- Exercise requirements: Write out the data in full, exactly as shown.

───── Information provided ─────

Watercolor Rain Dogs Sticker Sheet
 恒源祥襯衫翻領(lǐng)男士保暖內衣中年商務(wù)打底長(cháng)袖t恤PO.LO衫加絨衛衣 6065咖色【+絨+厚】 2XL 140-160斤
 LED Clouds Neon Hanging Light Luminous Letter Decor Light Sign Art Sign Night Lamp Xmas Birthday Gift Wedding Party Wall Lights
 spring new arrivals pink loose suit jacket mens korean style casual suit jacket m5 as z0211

─────

- Solution to this problem:
Watercolor Rain Dogs Sticker Sheet
 恒源祥襯衫翻領(lǐng)男士保暖內衣中年商務(wù)打底長(cháng)袖t恤PO.LO衫加絨衛衣 6065咖色【+絨+厚】 2XL 140-160斤
 LED Clouds Neon Hanging Light Luminous Letter Decor Light Sign Art Sign Night Lamp Xmas Birthday Gift Wedding Party Wall Lights
 spring new arrivals pink loose suit jacket mens korean style casual suit jacket m5 as z0211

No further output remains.